Ihre heutige Begegnung mit seiner Mutter und seiner Schwester hatte auf sie einen außerordentlichen Eindruck gemacht, der allerdings ihr selbst nicht recht klar war. Die Mitteilung, daß er mit ihnen völlig gebrochen habe, erfüllte sie mit Schrecken.
»Ich habe jetzt niemand auf der Welt als dich«, fügte er hinzu. »Laß uns unsern Weg zusammen gehen … Darum bin ich zu dir gekommen. Wir sind beide verflucht; so laß uns denn auch zusammen gehen.«
Seine Augen funkelten. ›Wie halb irrsinnig!‹ dachte nun Sonja ihrerseits.
»Wohin sollen wir denn gehen?« fragte sie angstvoll und wich unwillkürlich vor ihm zurück.

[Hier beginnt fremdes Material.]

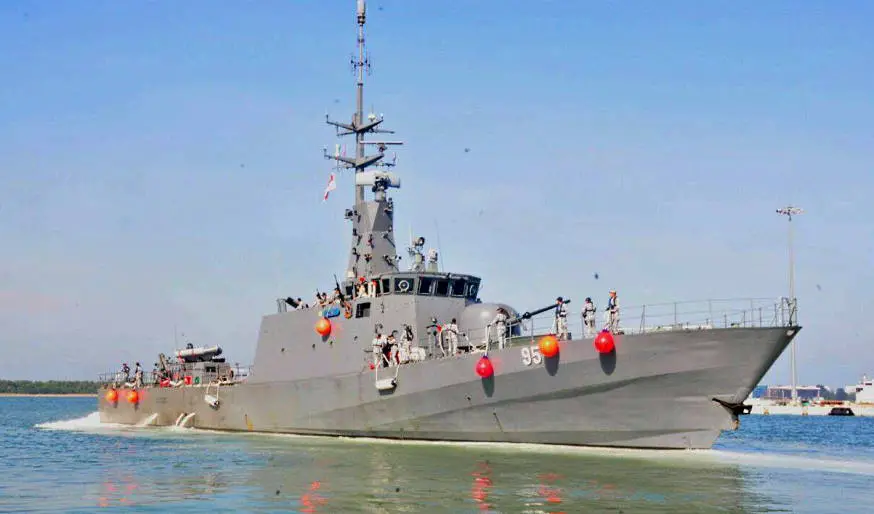 Republic of Singapore Navy Fearless-class patrol vessel RSS Gallant (97)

»Wie kann ich das wissen? Ich weiß nur, daß derselbe Weg vor uns liegt; das weiß ich sicher – weiter nichts. Wir haben das gleiche Ziel.«
Verständnislos sah sie ihn an. Sie verstand nur das eine, daß er tief unglücklich, grenzenlos unglücklich war.

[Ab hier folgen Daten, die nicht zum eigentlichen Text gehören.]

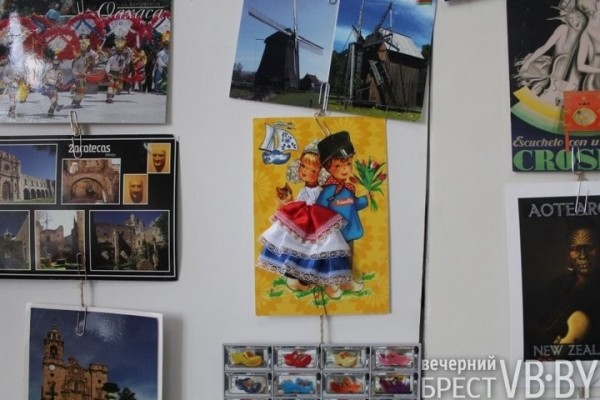 Открываем мир через почтовые карточки. В Бресте работает уникальная выставка «Счастливый посткроссинг»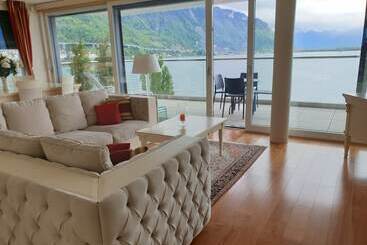 Appartamenti turistici Eglise Catholique Cosy And Bright Apartment In Montreux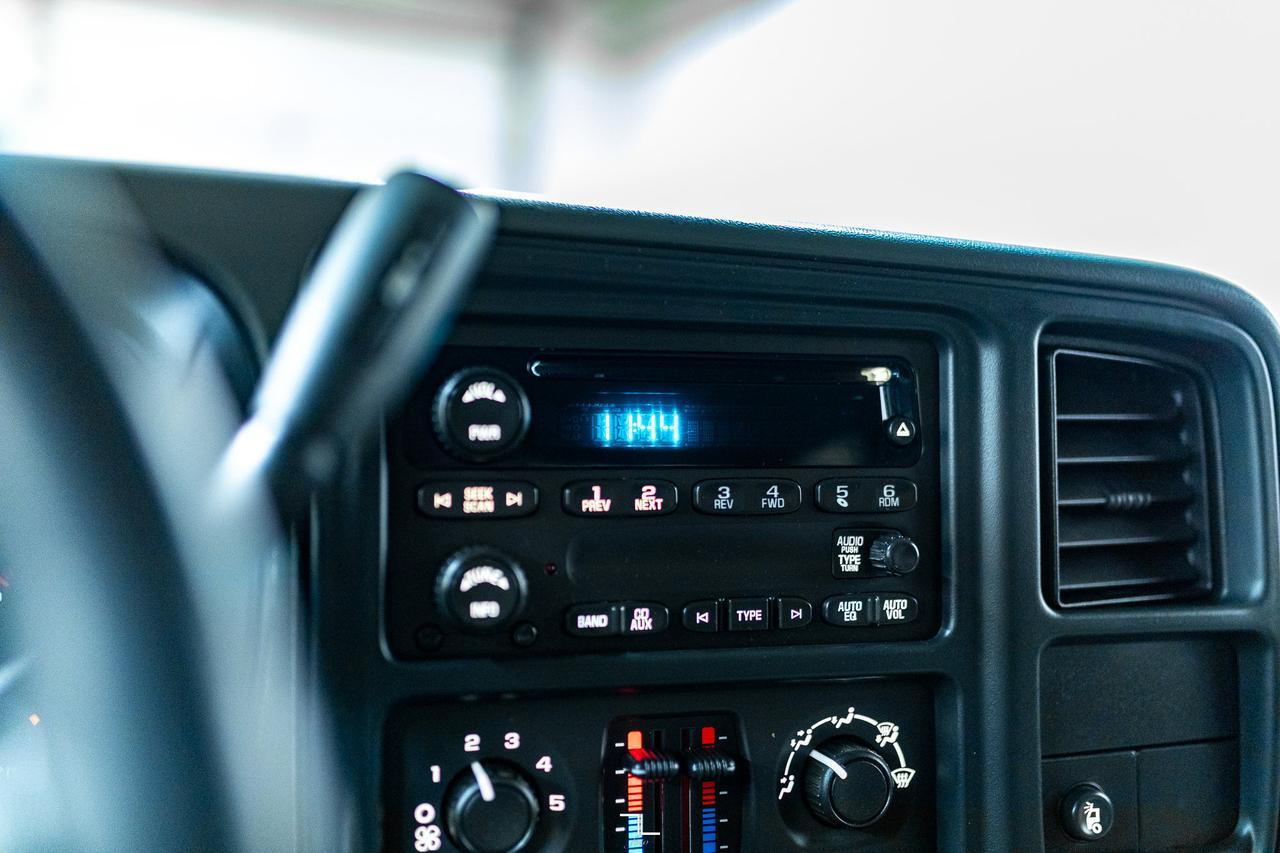 2006 GMC Yukon XL 2500 4x4 SLE PSeat Red Deer AB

»Wenn du zu andern Menschen so sprichst, wie du zu mir gesprochen hast, so wird dich niemand verstehen«, fuhr er fort, »aber ich habe dich verstanden. Du bist mir unentbehrlich; darum bin ich zu dir gekommen.«
»Ich verstehe Sie nicht«, flüsterte Sonja.
»Du wirst mich später verstehen. Hast du denn nicht das gleiche getan wie ich? Auch du bist über eine Grenze hinübergeschritten, … hast die Kraft besessen, hinüberzuschreiten. Du hast Hand an dich gelegt; du hast ein Leben vernichtet, … dein eigenes Leben; aber das macht keinen Unterschied. Du wärest befähigt, ein verständiges, sittlich gutes Leben zu führen, und wirst auf dem Heumarkt enden … Aber du kannst diesen Zustand nicht ertragen, und wenn du allein bleibst, so wirst du den Verstand verlieren, gerade wie ich. Du bist schon jetzt wie irrsinnig; also müssen wir beide zusammen gehen, denselben Weg! So laß es uns denn tun!«
»Aber warum, warum sagen Sie denn das alles?« rief Sonja, durch seine Worte in eine seltsame, stürmische Aufregung versetzt.
»Warum ich das sage? Weil es so nicht bleiben kann; darum! Wir müssen unsre Lage doch endlich ernsthaft und ohne Selbsttäuschung erwägen und nicht wie kleine Kinder weinen und schreien: ›Gott wird es nicht zulassen!‹ Nun also, was soll dann werden, wenn du wirklich morgen ins Krankenhaus gebracht wirst? Deine Stiefmutter ist irrsinnig und schwindsüchtig; die stirbt bald; und was wird dann aus den Kindern? Hältst du für möglich, daß Polenjka vor dem sittlichen Untergange bewahrt bleibt? Hast du denn nicht schon hier an den Straßenecken Kinder gesehen, die von ihren Müttern auf den Bettel ausgeschickt werden? Ich habe festgestellt, wo und in welcher Umgebung diese Mütter wohnen. Dort können die Kinder nicht Kinder bleiben. Da ist ein Knabe von sieben Jahren schon unsittlich und ein Dieb. Und doch sind die Kinder ein Ebenbild Christi: ›Ihrer ist das Himmelreich.‹ Er hat geboten, sie zu achten und zu lieben; sie sind die Menschheit der Zukunft …«
»Was soll ich denn tun? Was soll ich tun?« rief Sonja schluchzend und händeringend.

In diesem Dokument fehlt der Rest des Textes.